Krauss states that women lack authority in the photographic world and are still being objectified and seen as things rather than as human beings. This is really interesting to me as I do find most art has really blurred the woman and made it seem as if the woman is an object and is to be controlled by the male painting her etc. However, although there is a lot of objectification of women within photography, female photographers tend to make themselves the subject and almost parody the idea of being seen as an object, especially through the work of Cindy Sherman. I believe that now women are using their bodies because it is the only thing that is our own, we are taking it back in a sense.

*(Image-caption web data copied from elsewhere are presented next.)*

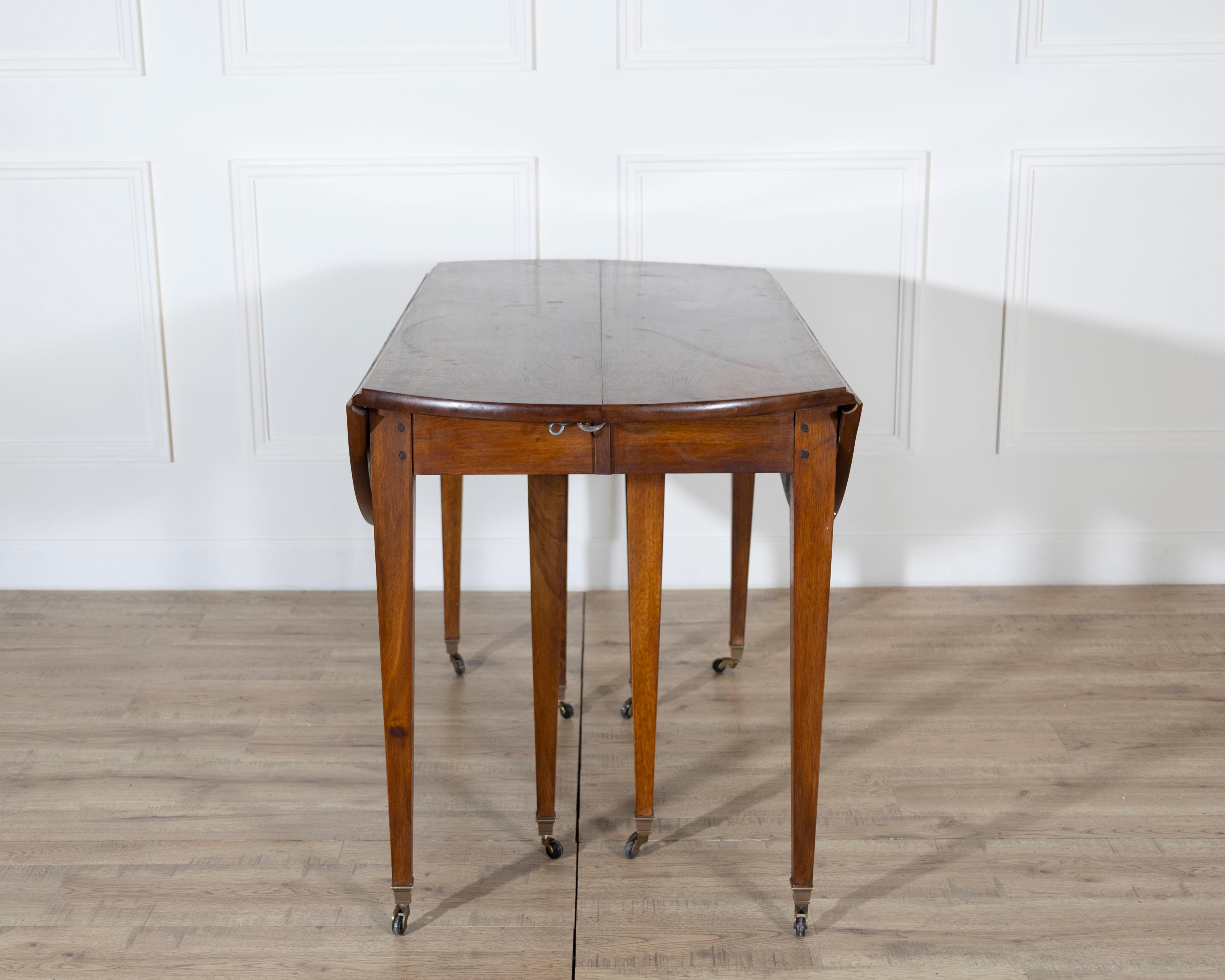 Early 20th Century French Restoration-Style Solid Walnut Extension Dining Table For Sale 2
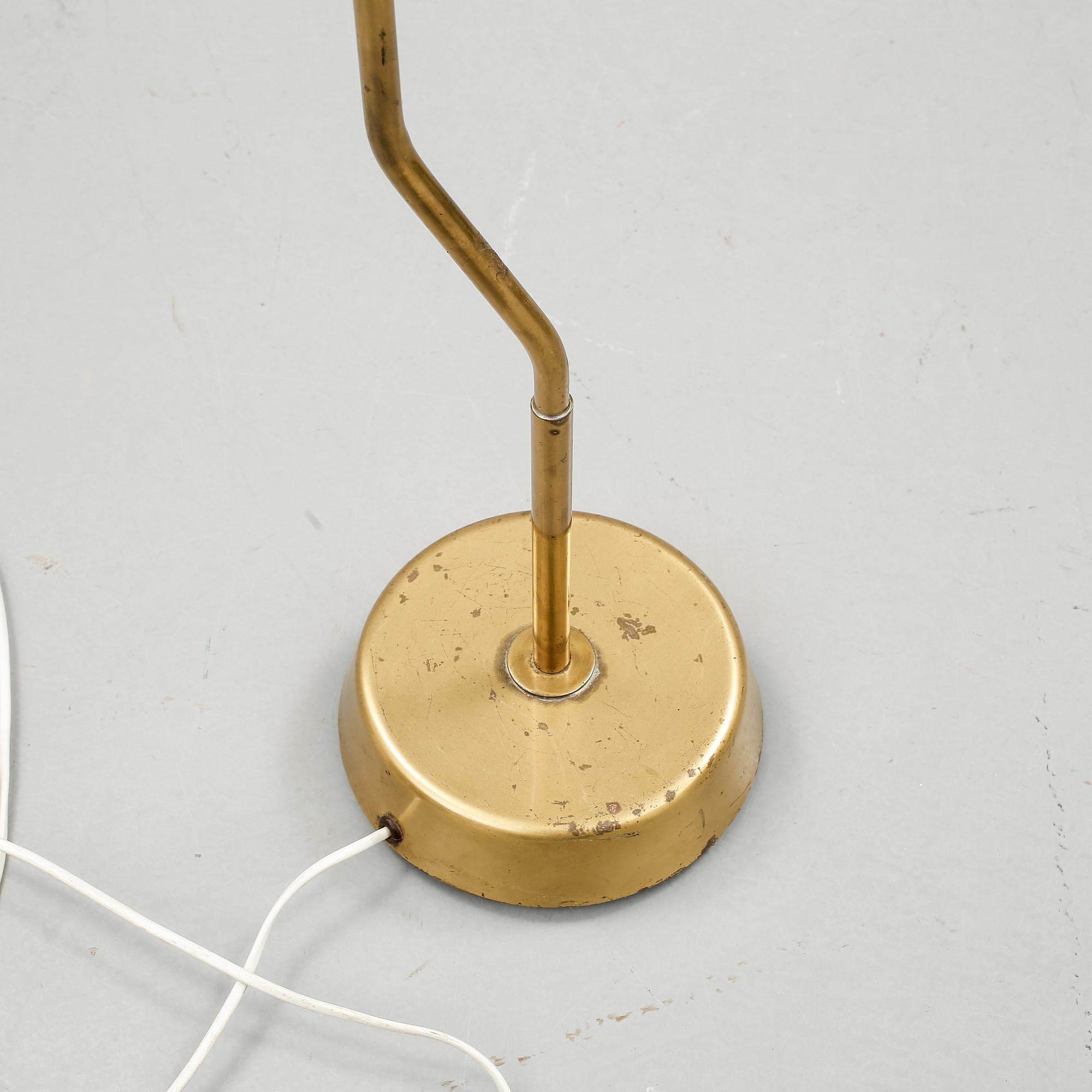 GOLVLAMPA, 1900-talets mitt.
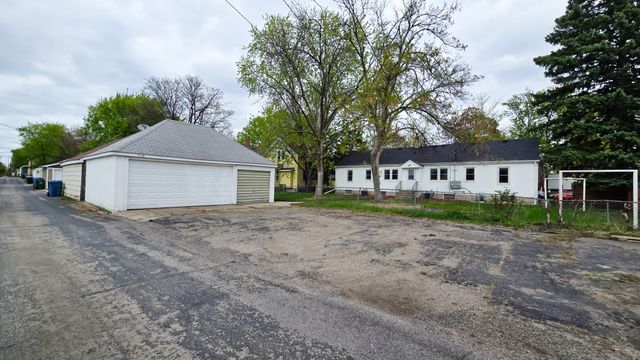 3738 28th Avenue S, Minneapolis, MN 55406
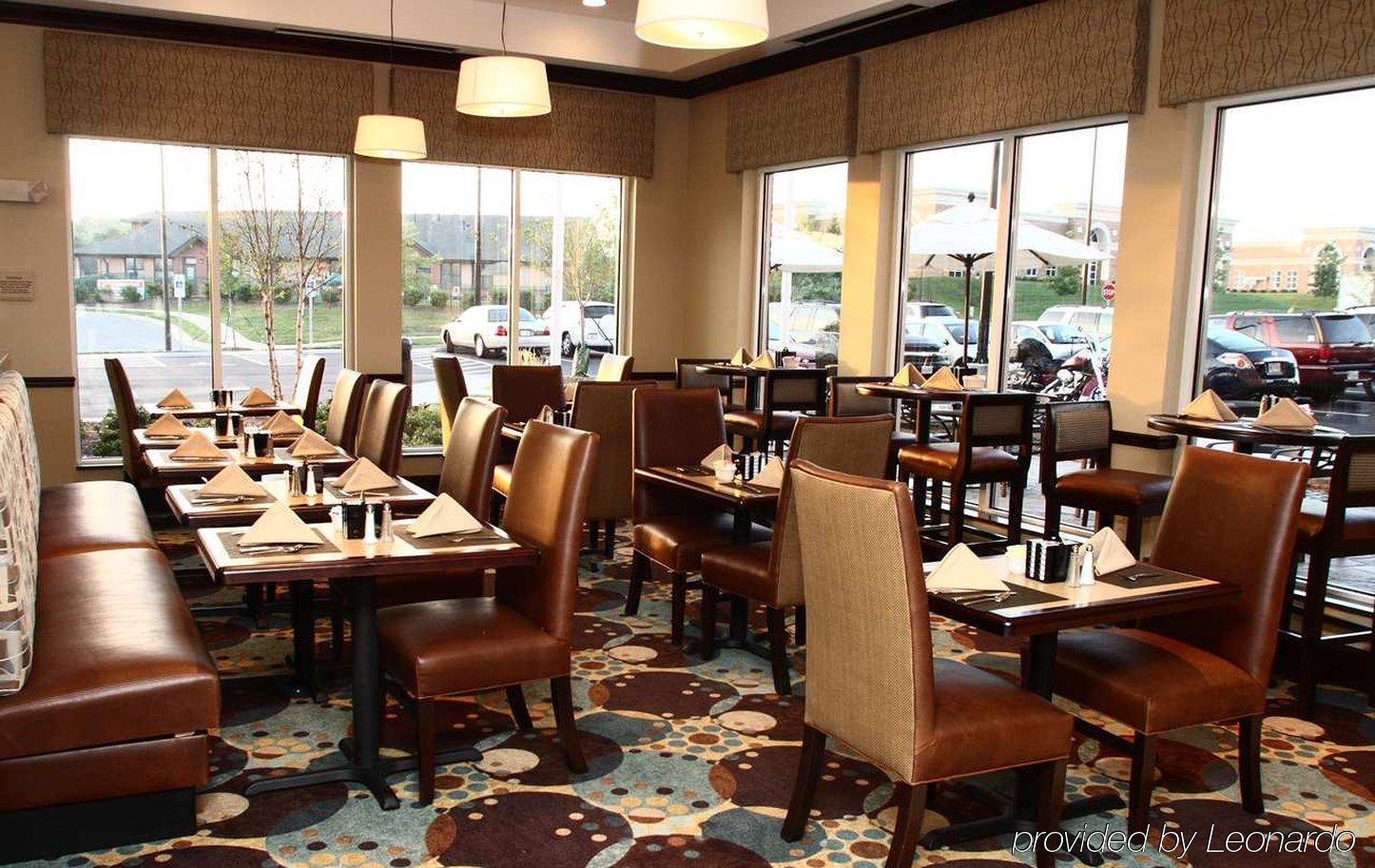 Hilton Garden Inn Charlotte/מורסוויל מסעדה תמונה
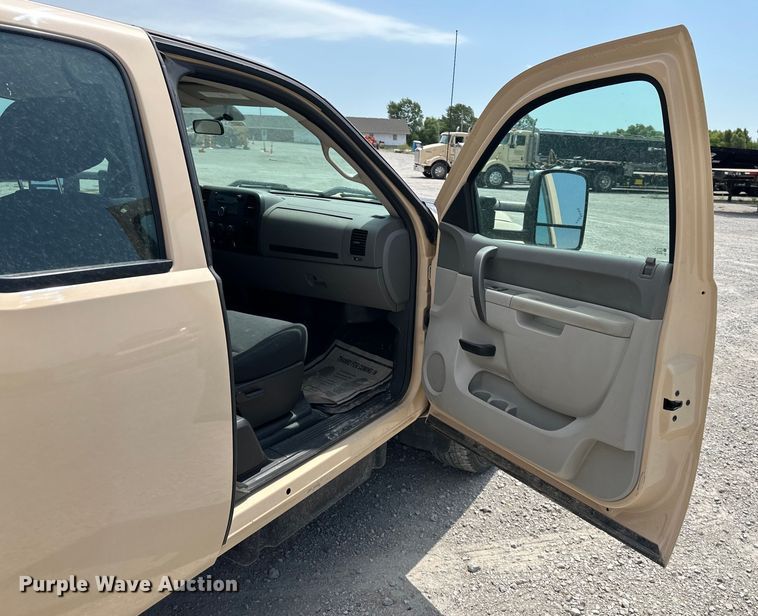 image for item EJ6435 2012 Chevrolet  Silverado 2500HD Ext. Cab pickup truck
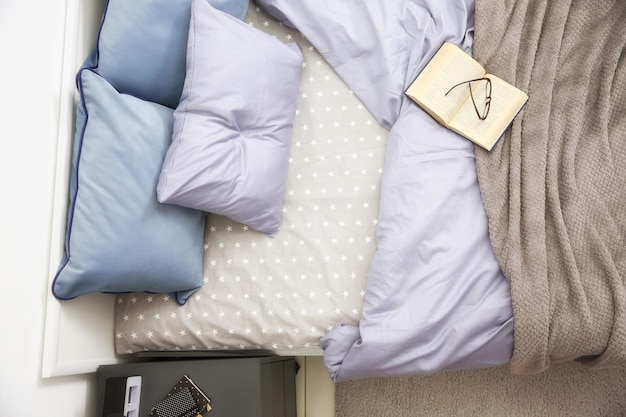 Interno della camera da letto con letto e vista dall'alto del libro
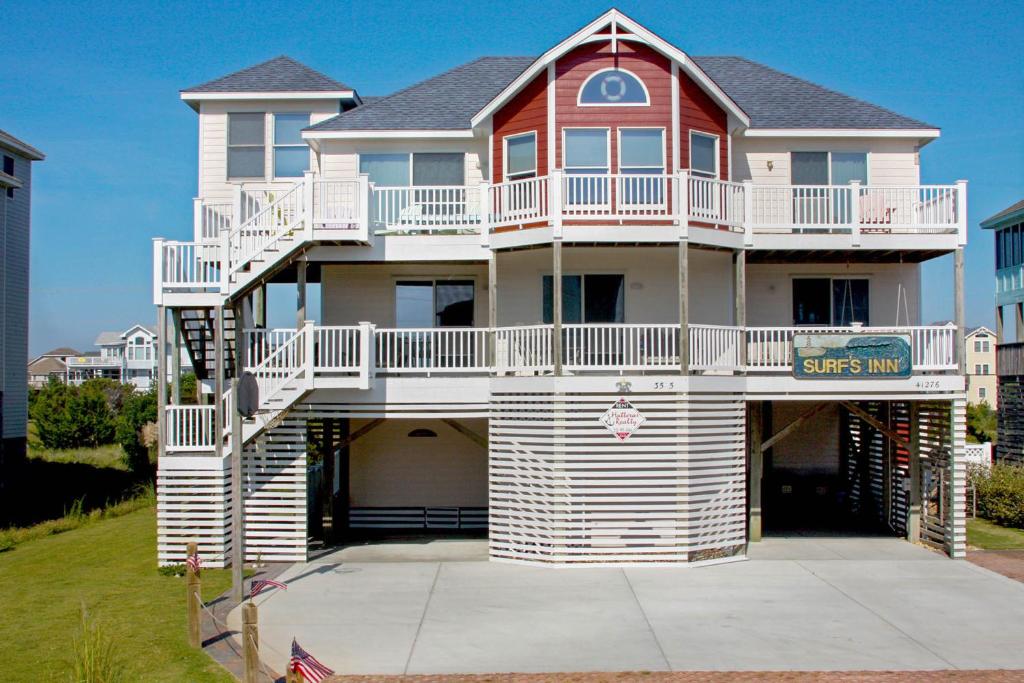 une grande maison blanche avec un toit rouge dans l'établissement Surfs Inn #35-5, à Avon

Krauss talks about the work of Cindy Sherman and identifies her work as ‘slavishness’ as if she becomes a slave in her own images and another art critic writes about the link between Sherman and Douglas Sirk. This critic compares the work of Sherman to a still from  one of Sirk’s films and how both are focusing their work on a ‘remembered fantasy’. This is interesting to me as it brings in another dimension to Sherman’s work and how she came up with her ideas from watching old B films and Film Noir style films, this does suggest that Sherman has dreamt of envisioned her situation before hand and then worked based off of memory in her images. However, Sherman has stated before that she doesn’t envision any particular scene but she does it all there and then. She stated ‘some people have told me they remember the film that one of my images is derived from, but in fact I had no film in mind at all’. I like this quote as it shows that Sherman really does make it all up when she gets to her studio and works with what looks good in front of the camera and doesn’t solely depend on a memory or having to perfectly re-stage an image from a still that she took from an old film.